According to PEN's information, Nguyen Vu Binh, who is a leading member of the Democracy Club for Vietnam, was arrested on 25 September 2002 and sentenced by the Hanoi People's Court to seven years' imprisonment, to be followed by three years' house arrest, on charges of espionage in a three-hour trial on 31 December 2003. Following the proceedings, the official Vietnam news agency reported that he had been convicted of having "written and exchanged, with various opportunist elements in the country, information and materials that distorted the party and state policies." He was also accused of communicating with "reactionary" organisations abroad. His sentence was upheld on appeal on 5 May 2004. He was held at Ba Sao forced labour camp, in Nam Hà province, in very poor conditions and denied adequate medical care or nutrition. There have been serious concerns for his health, and PEN has campaigned for his release throughout his time in prison.
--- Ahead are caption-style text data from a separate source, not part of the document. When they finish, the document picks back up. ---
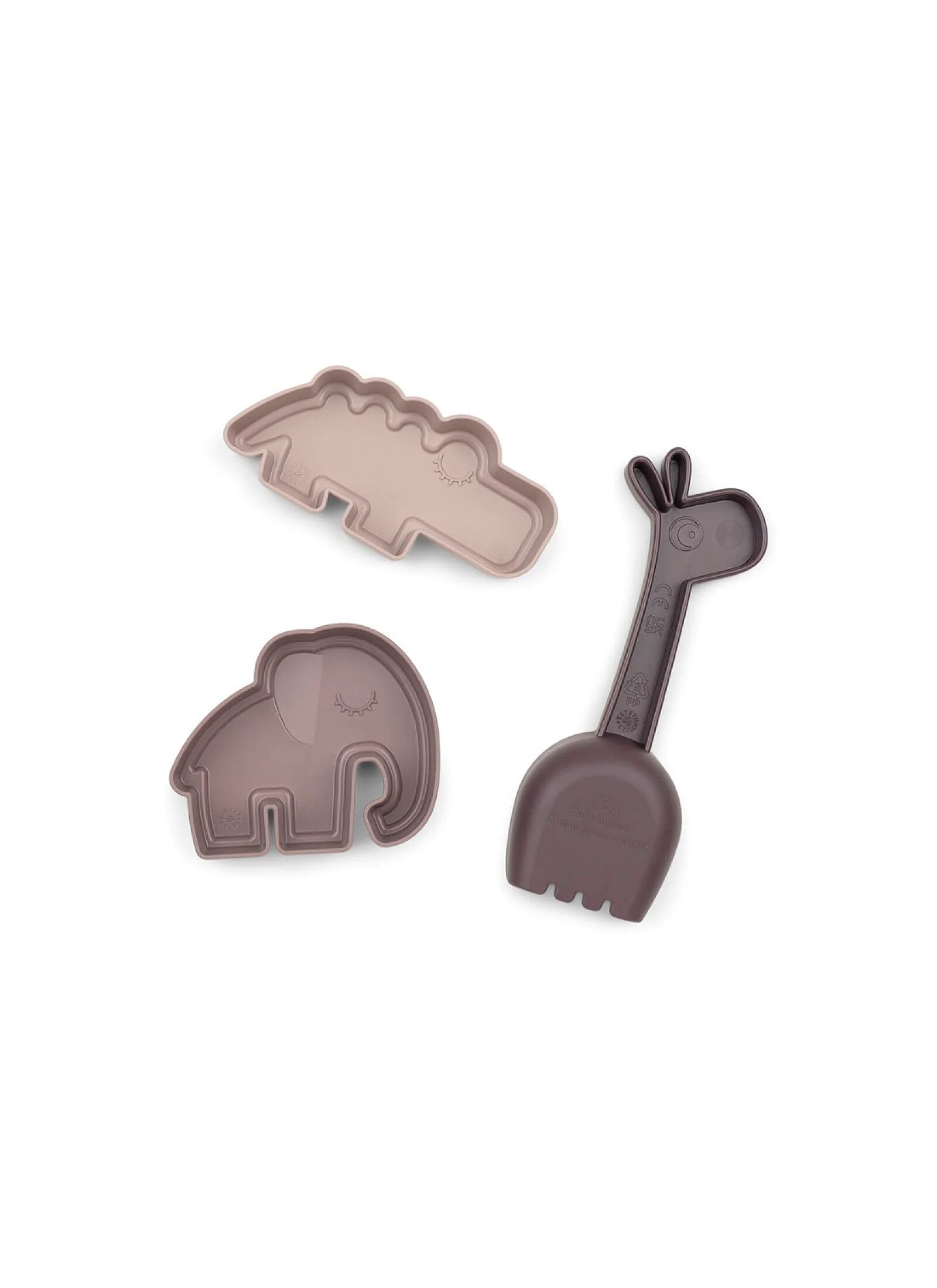 BEACH SET DEER FRIENDS POWDER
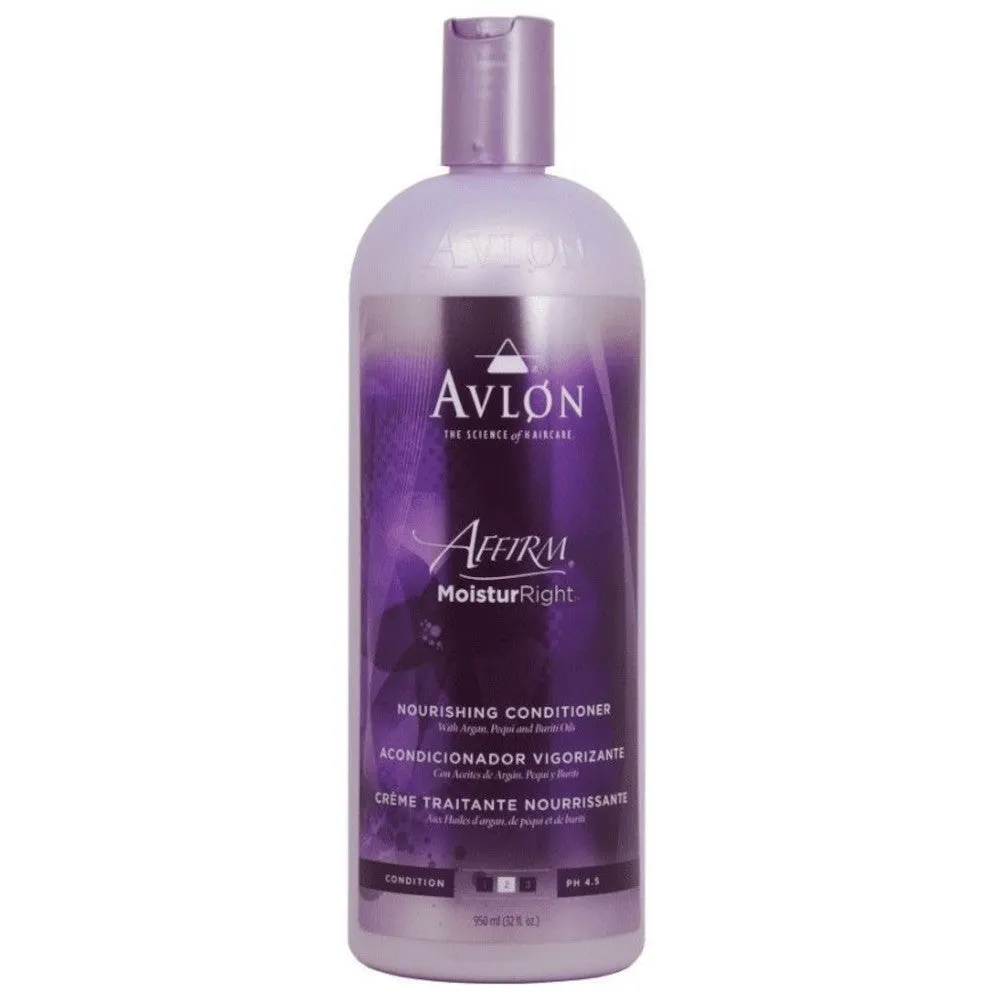 Affirm MoisturRight Nourishing Conditioner – 32 oz.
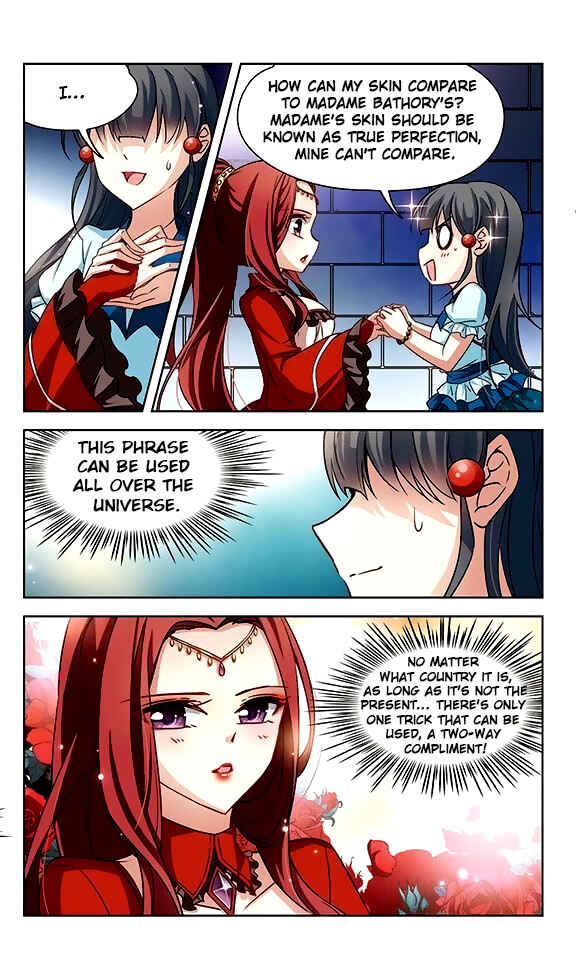 Journey to Seek Past Reincarnations Chapter 50 - Page 7
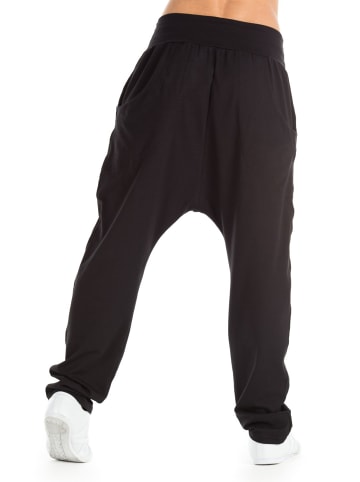 Winshape Trainingshose WH13 in schwarz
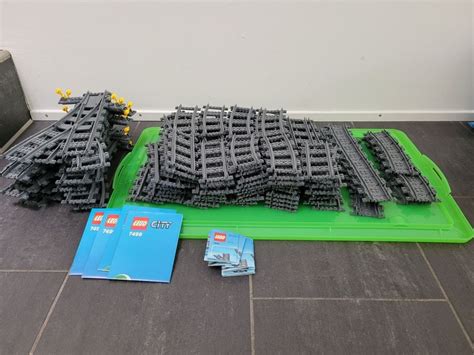 Lego City Schienen Kaufen Auf Ricardo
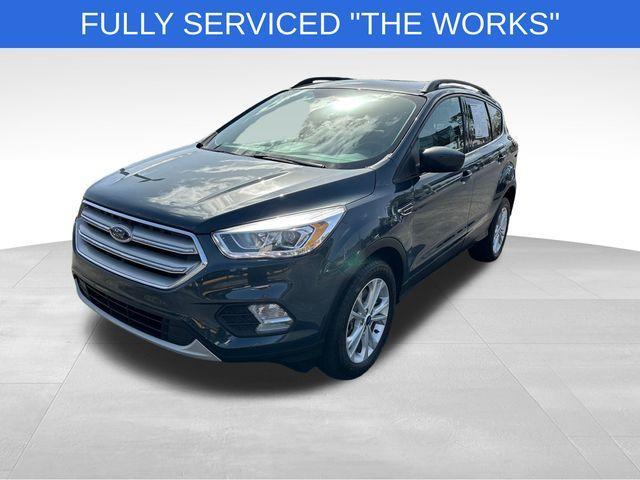 used 2019 Ford Escape car, priced at $14,591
The 39-year-old writer was targeted for the online publication of one of his critical essays, "Some Thoughts on the China-Vietnam Border Agreement". Nguyen Vu Binh is a former journalist who worked for 10 years for "Tap Chi Cong" ("Journal of Communism"), the official publication of the Communist Party of Vietnam. In January 2001, he left his post to form the independent Liberal Democratic Party, and is known for his critical writings calling for political reform.

WiPC thanks all who sent appeals on this case.